Wednesday, January 23, 2013

Red River

Red River is a 1948 John Wayne Western. Also in this are Walter Brennan, Coleen Gray (The Leech Woman, The Phantom Planet and of course other and better movies), Harry Carey (who was active during the silent era, in one of his last films), John Ireland (My Darling Clementine, All the King's Men, 1957's Gunfight at the O.K. Corral, Spartacus), Hank Worden (who was in many John Wayne movies and an active actor until the year of his death in 1992 at age 91), Noah Beery, Jr. (whose first film was an uncredited role in the Douglas Fairbanks, Sr. 1920 Mark of Zorro, also in Rocketship X-M, Inherit the Wind and The Best Little Whorehouse in Texas), Harry Carey, Jr., Montgomery Clift (in one of his first films) and Paul Fix (an actor who had a long career beginning with silents and who has a Star Trek connection). Howard Hawks directs.
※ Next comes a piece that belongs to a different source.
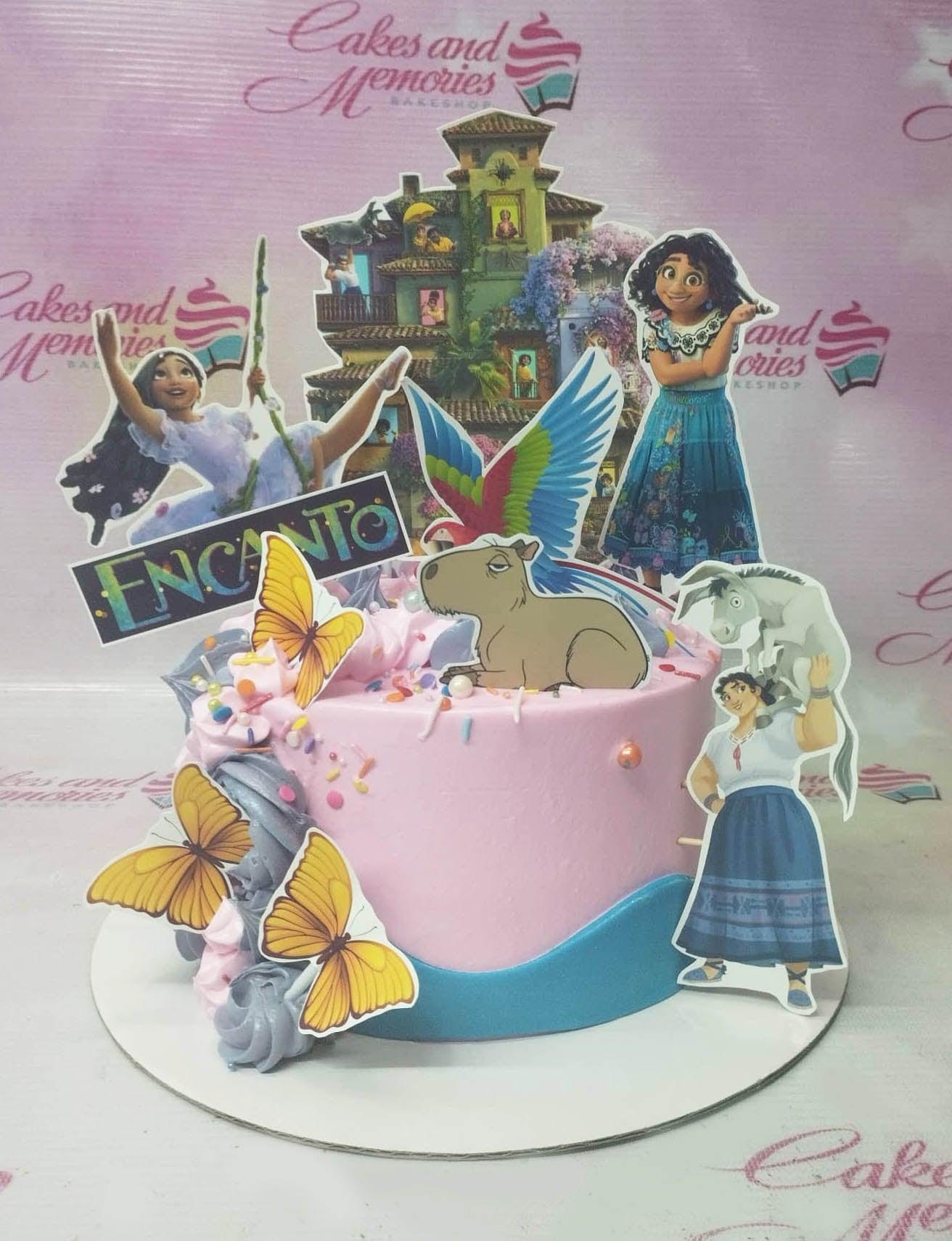 Pink Encanto themed birthday cake with Mirabel, Isabela, and Luisa character printouts, butterflies, and colorful sprinkles.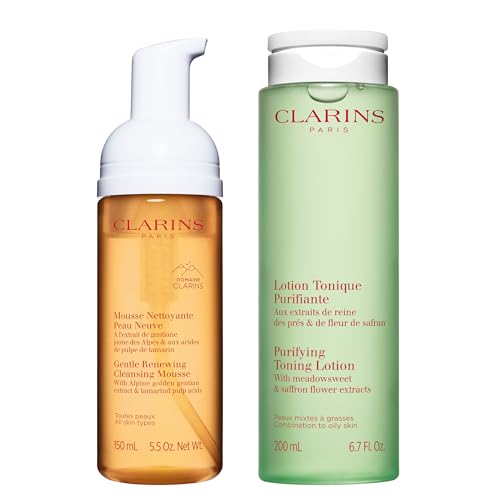 Clarins Purifying Toning Lotion | Less Oily Skin After 14 Days of Use* | Cleanses, Hydrates, Purifies, Mattifies and Balances Skin's Microbiota | Contains Witch Hazel | Combination To Oily Skin Types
This is a classic Western, enjoyable both on its own terms and as an important film in the history of the genre. John Wayne isn't good in everything (I know I hold the minority view here), but he's good in this. Small character interactions (some friendly, a few comic, some conflicting) alternate nicely with large scenic views. It's hard to find any fault with this movie.



It's on the Images Journal list of 30 Great Westerns and there's a description there. FilmSite.org opens their review with this:
Red River (1948) is a classic and complex western (and considered by many critics to be one of the ten best westerns ever made). It is a sweeping, epic story about a cattle drive (historically based on the opening of the Chisholm Trail in 1867) and a film of rivalry and rebellion, spanning a time period of fifteen years.
Wild West Web calls it "memorable". The Book 1001 Movies You Must See Before You Die says,
Hawks, the great film chronicler of macho pursuits, here stages the definitive cow opera, putting all other cattle-drive Westerns in the shade with beautiful, lyrical, exciting sequences of stampeding, rough weather, cowboying, and Indian skirmishes.
Roger Ebert considers it a "great film". Rotten Tomatoes gives it a score of 100%.

Other Westerns I've seen are listed here.

1 comment:

  1. Anonymous7:01 AM

    It's a good horse opera. And, in the period in which this was made, it would be more economical to have the credits say, "By the way, Paul Fix isn't in this move," because he was in _everything_.